While big-box retailer Costco (NASDAQ: COST) always presented a compelling narrative for its economic resilience, its shares cut a choppy figure this year. However, COST stock really incurred a discount when the underlying company posted disappointing sales results for November. Still, under a longer-term framework, the retail giant remains attractive. I am bullish on Costco.

First, let’s get the bad news out of the way. According to TipRanks reporter Vince Condarcuri, COST stock slipped over 6% during the December 1 session. “This can be attributed to monthly sales coming in lower than expected,” wrote Condarcuri. “Indeed, comparable sales in November increased 4.3% compared to the consensus forecast of 7.7%. When adjusting for gas sales and FX swings, sales increased by 5.3%.”

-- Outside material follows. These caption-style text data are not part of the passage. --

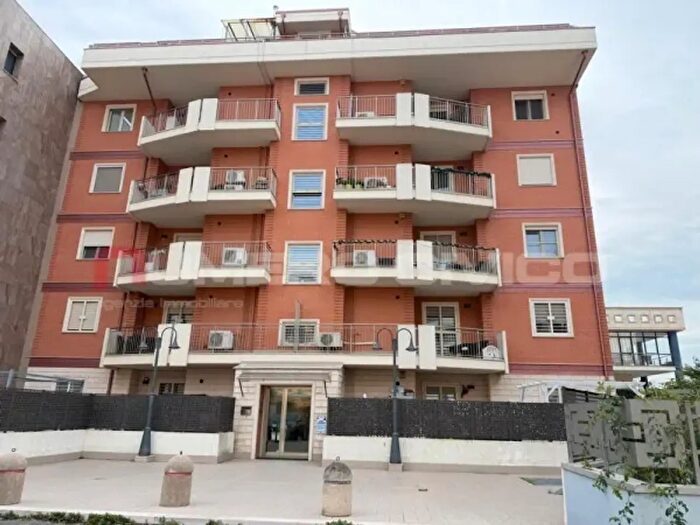 Appartamento con 5 locali in vendita in Via Monsignor Giuseppe Lenotti, Foggia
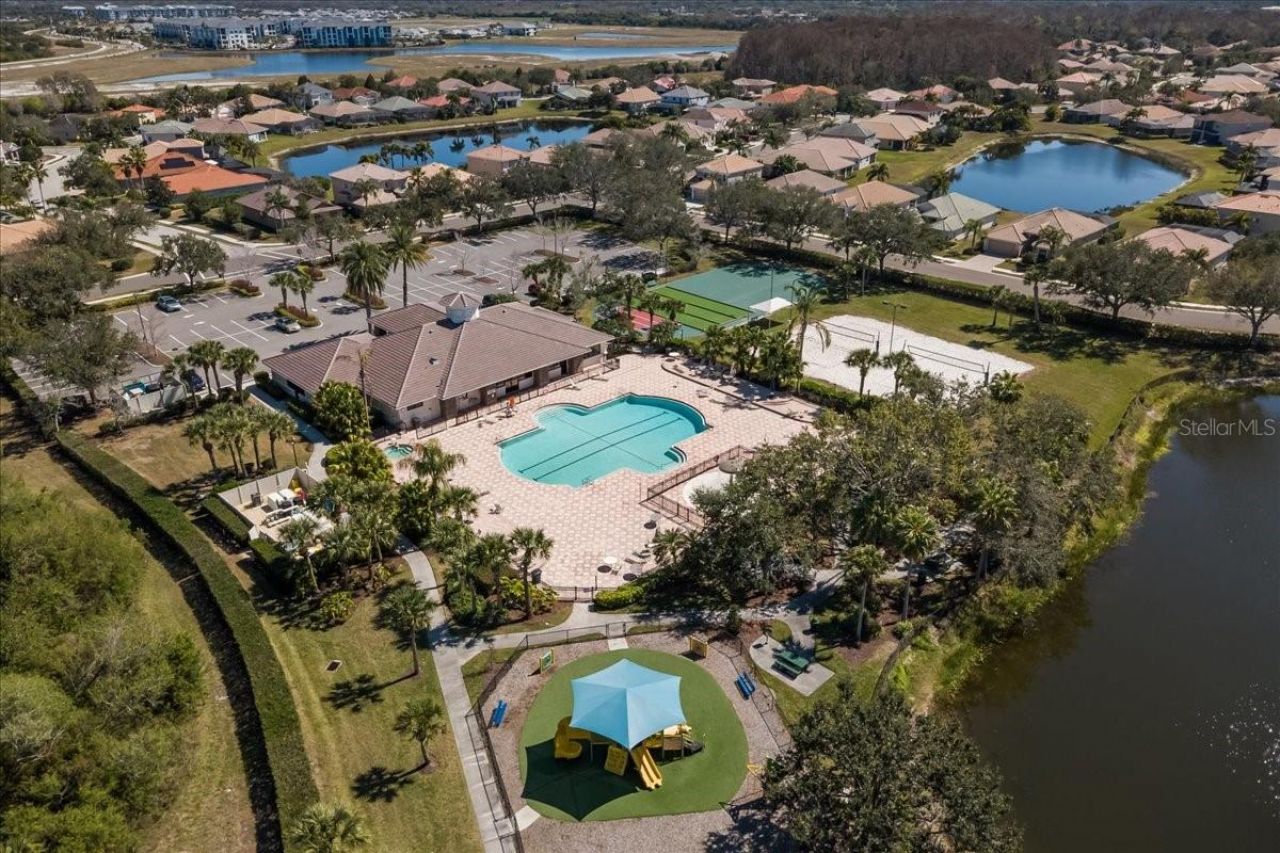 923 Fairwaycove Lane, Unit 103, Bradenton, FL 34212 Photo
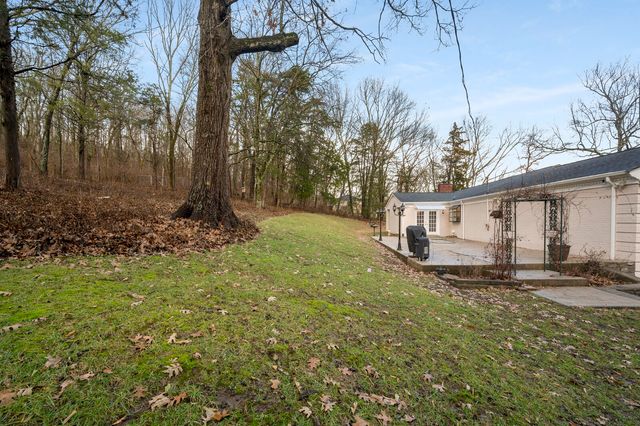 1941 Otter Creek Rd, Nashville, TN 37215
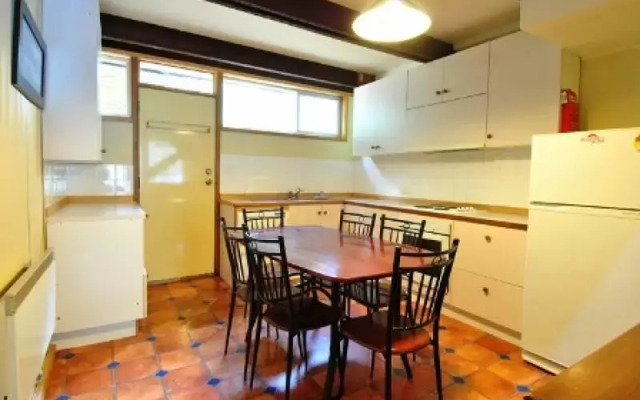 Warrina 12 Private Holiday Apartment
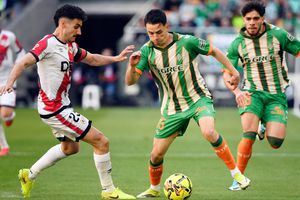 Betis y Fidalgo no pasan del empate ante el Rayo Vallecano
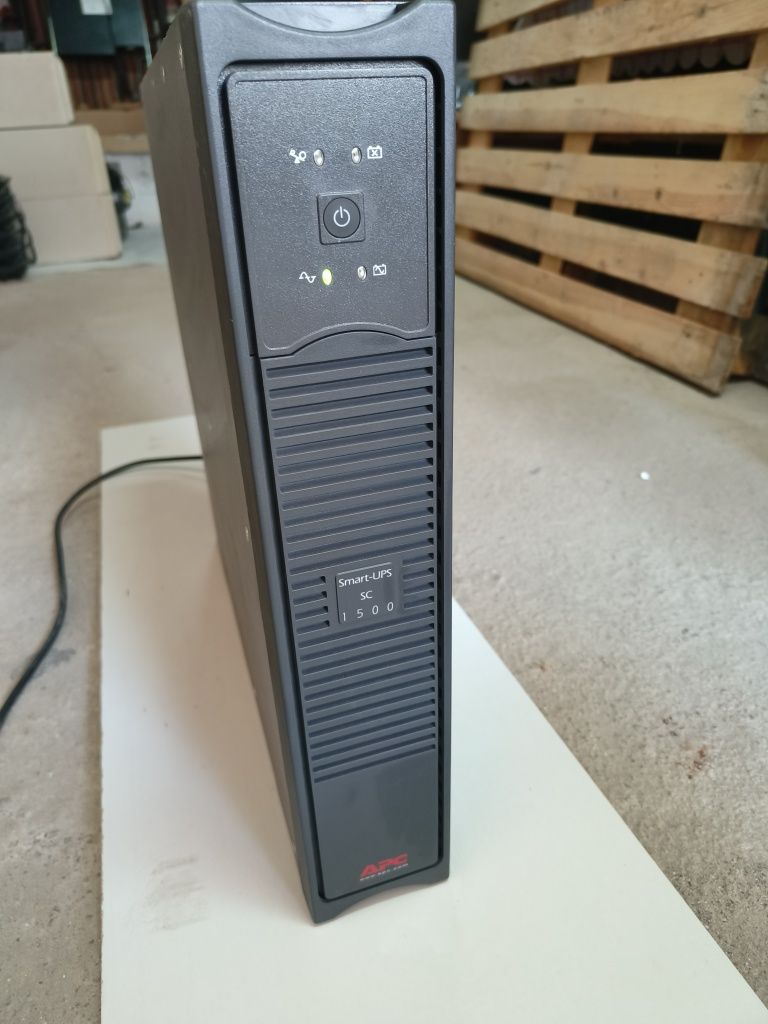 ИБП APC Smart-UPS SC 1500VA , 1000VA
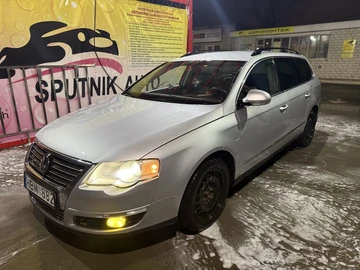 Авто Volkswagen Passat Variant 2006 № 8258098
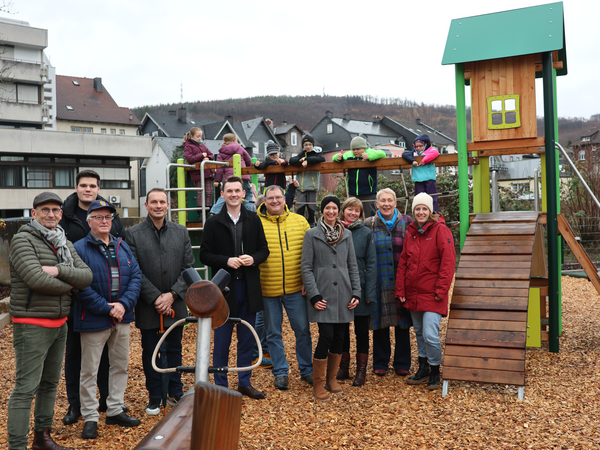 Bürgermeister Tristan Vitt (Mitte) eröffnete den neuen Spielplatz in der Johannesstraße in Niederschelden jetzt mit Vertreterinnen und Vertretern der Siegener Stadtverwaltung, Politik und der IG Schossi. (Foto: Stadt Siegen)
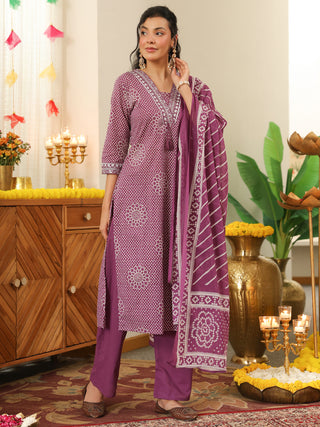 Purple Bandhani Print Straight Kurta Set with Pocket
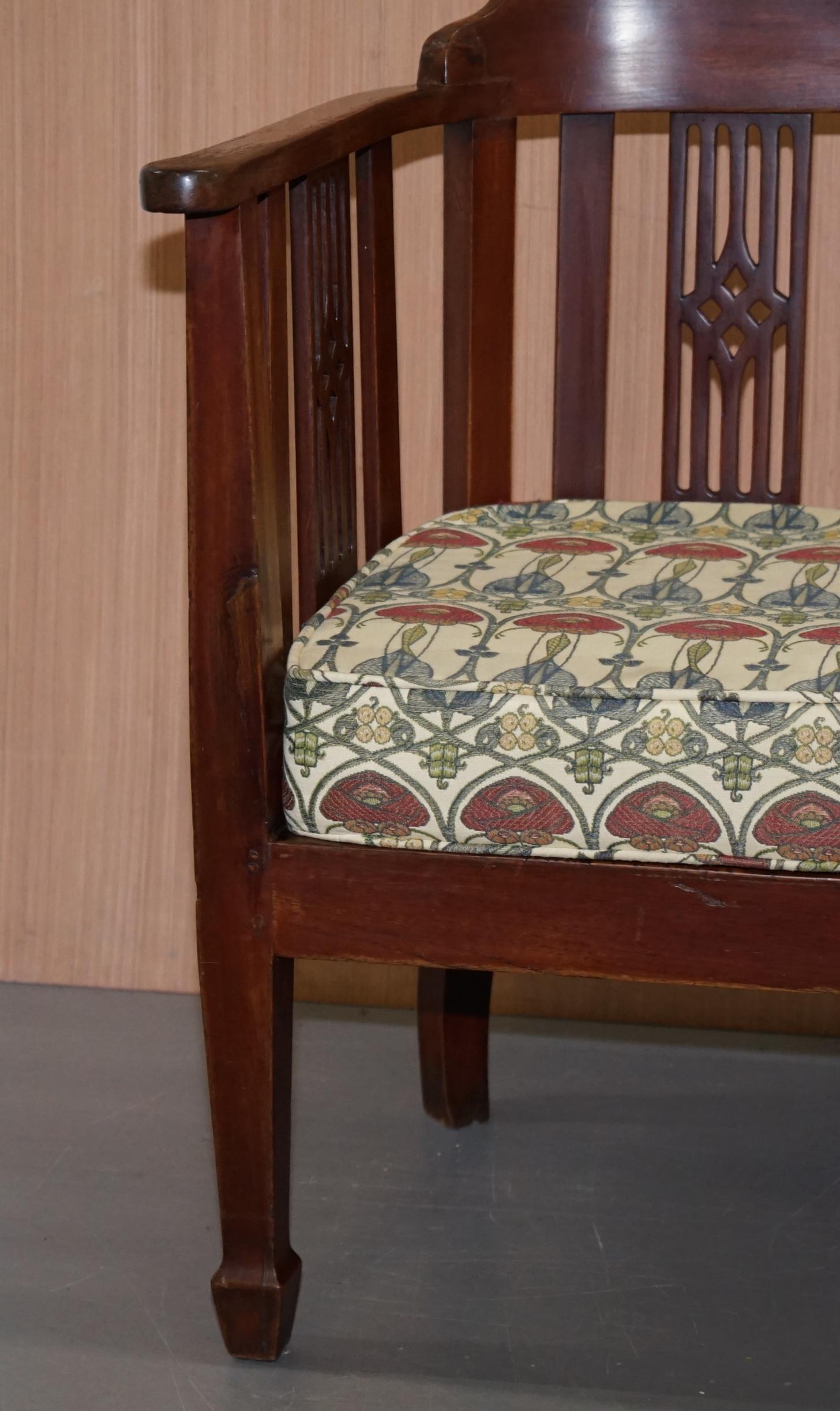 Charles Rennie Mackintosh Art Nouveau upholstered 2 seat bench sofa berger seat 5
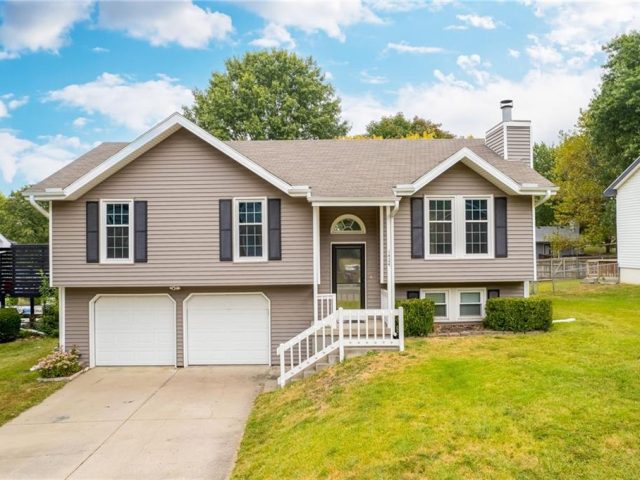 1424  Camille Street, Liberty, MO 64068 | MLS#2505365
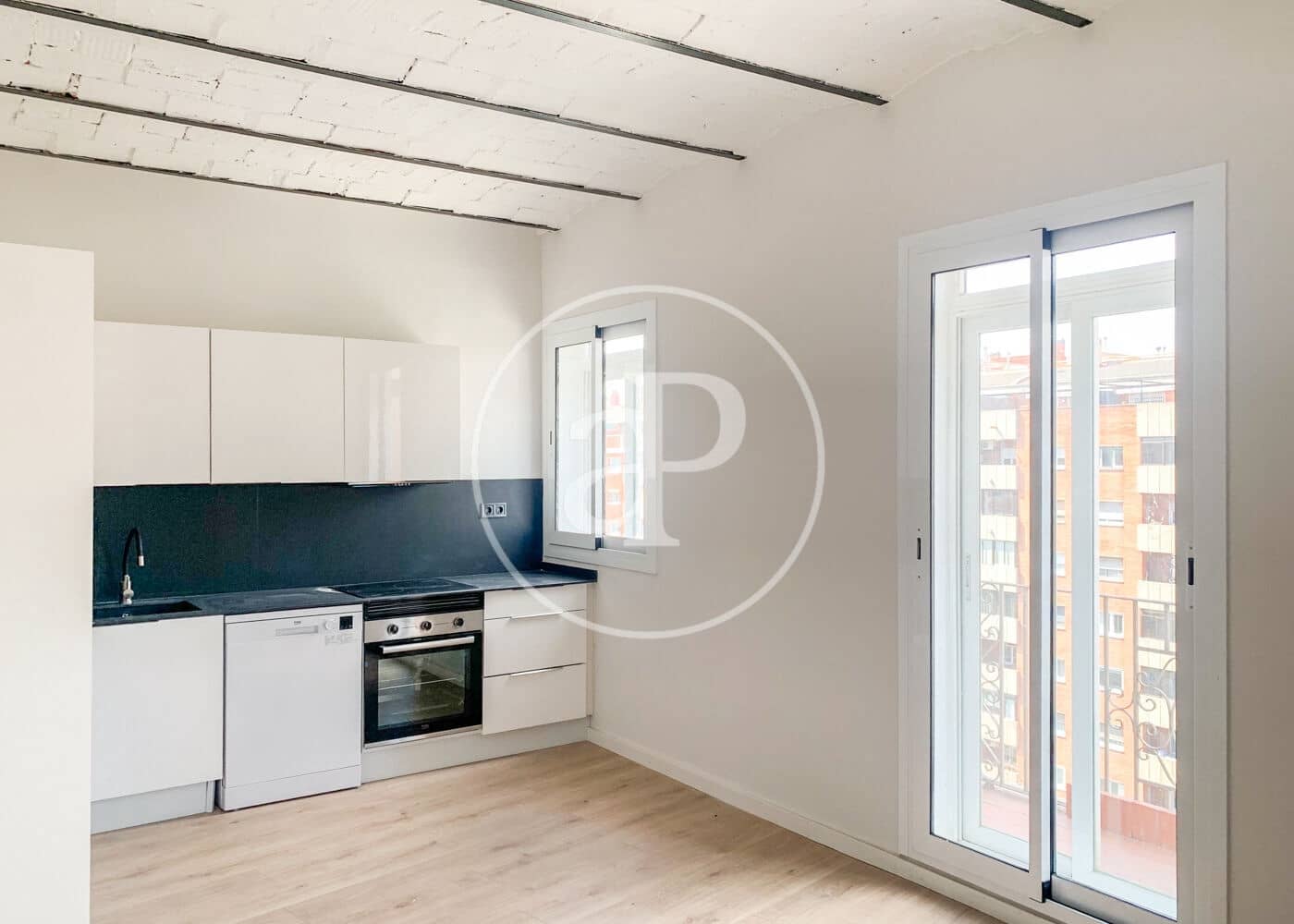 Apartamento de 3 habitaciones en Barcelona ciudad en venta - 359.000 € (Ref: 8874688)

More problematic, some detailed data points indicated that even for Costco’s higher-income shopper base, economic woes began weighing more heavily. “Interestingly, e-commerce sales fell by 10.1%, while non-food items also declined for the first time since April 2020. This indicates that rising food prices are cutting into the discretionary spending budgets of consumers.”

To be sure, Costco will release its next earnings report (for the first quarter of Fiscal Year 2023) on December 7. For earnings per share, analysts will be targeting $3.12. In the year-ago period, Costco posted EPS of $2.97.

Adding to concerns for COST stock, the aforementioned November sales report included Black Friday results. Again, this dynamic suggests that macroeconomic conditions have weighed on consumer sentiment. Further, companies that previously relied cynically on the expanding wealth gap cannot just assume that rich folks will simply absorb higher costs.

As well, with high-profile employers announcing layoffs to well-compensated corporate jobs, Costco’s total addressable market may diminish. Obviously, that’s not great for COST stock. Still, it’s probably too early to give up.

COST Stock May Benefit from Higher Energy Prices

While people shop at Costco for attractive discounts on bulk goods, the company truly became relevant for its fuel services. With gasoline prices skyrocketing earlier this year, Costco offered significant mitigation through its members-only petrol stations. While one trip might not save a gargantuan amount, over time, it could add up to serious money in the pocket.

However, as the Federal Reserve kept pounding on inflation through higher benchmark interest rates and as energy markets adjusted to the initial shock of Russia’s brazen invasion of Ukraine, the gasoline catalyst for COST stock somewhat diminished, as the November sales report demonstrated. Still, this narrative can always change in a hurry.

True, much debate materialized regarding the European Union’s proposal for an oil price cap, which came into effect on December 5. On paper, this might be deflationary for hydrocarbon energy prices, but with supply potentially falling due to production cuts from OPEC+ nations, Americans can end up paying more at the pump regardless.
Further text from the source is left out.